* _DATA SHOWN_
^^^^

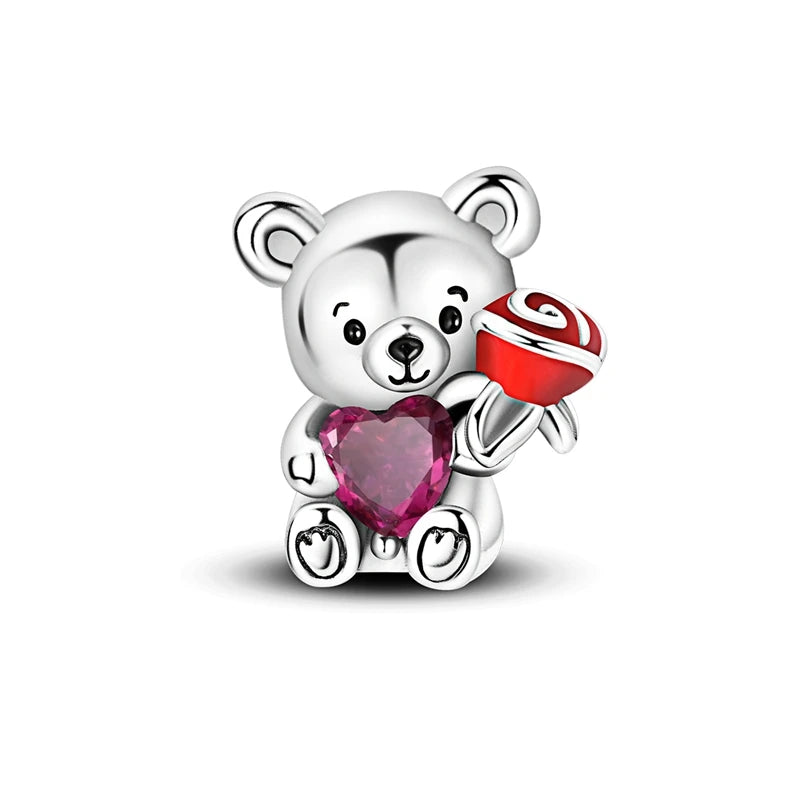 Teddy Bear & Red Heart Charm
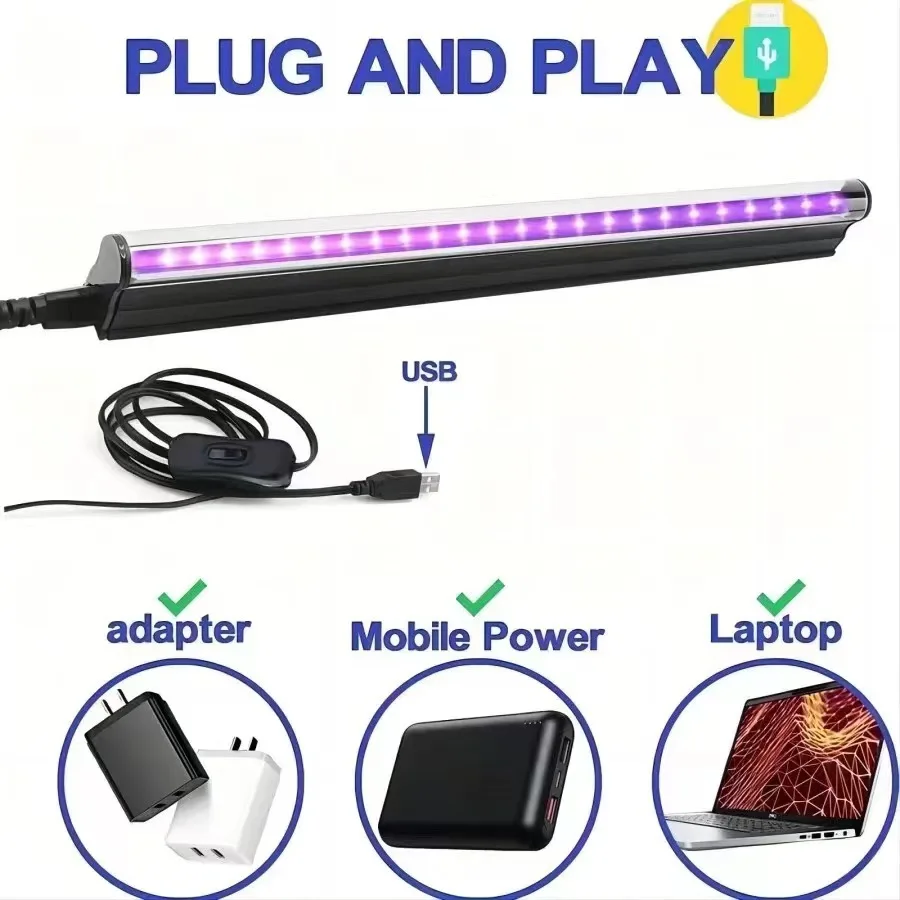 UV GEL Curing Light T5 4W LED USB DC5V 380-400nm UVA อะแดปเตอร์แล็ปท็อปธนบัตรการตรวจสอบเครื่องประดับ Appraisal เรืองแสงงานศิลปะ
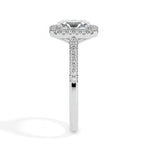 Maud Solitaire Halo Pave Radiant Ring-Dileti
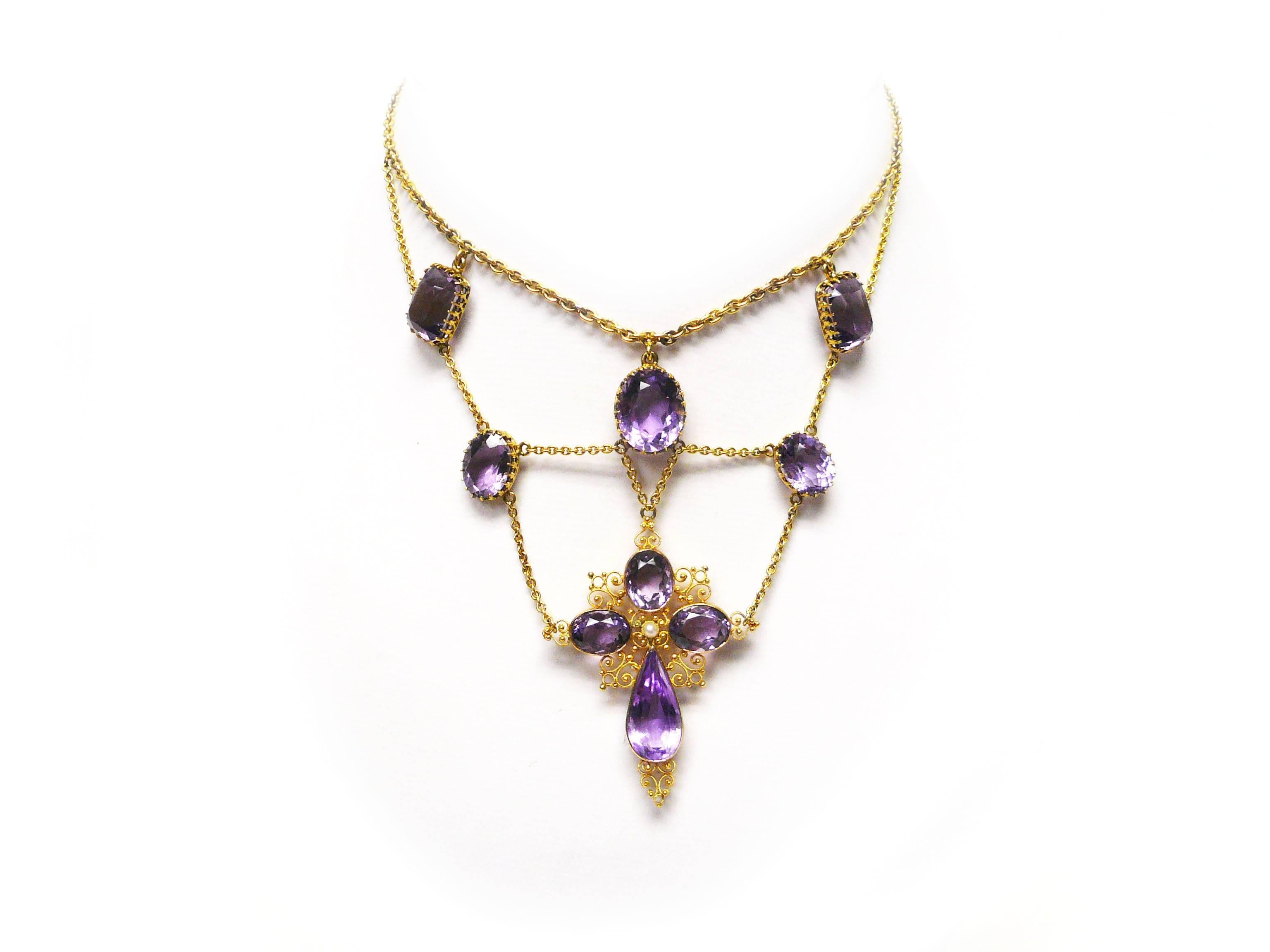 1880s Victorian Amethyst Gold Cross Swag Necklace For Sale 2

^^^^

* _WORK ORDER_
All of the lines above should be copied exactly, apart from the pictures.

* _SOLVED EXERCISE_
 Teddy Bear & Red Heart Charm
 UV GEL Curing Light T5 4W LED USB DC5V 380-400nm UVA อะแดปเตอร์แล็ปท็อปธนบัตรการตรวจสอบเครื่องประดับ Appraisal เรืองแสงงานศิลปะ
 Maud Solitaire Halo Pave Radiant Ring-Dileti
 1880s Victorian Amethyst Gold Cross Swag Necklace For Sale 2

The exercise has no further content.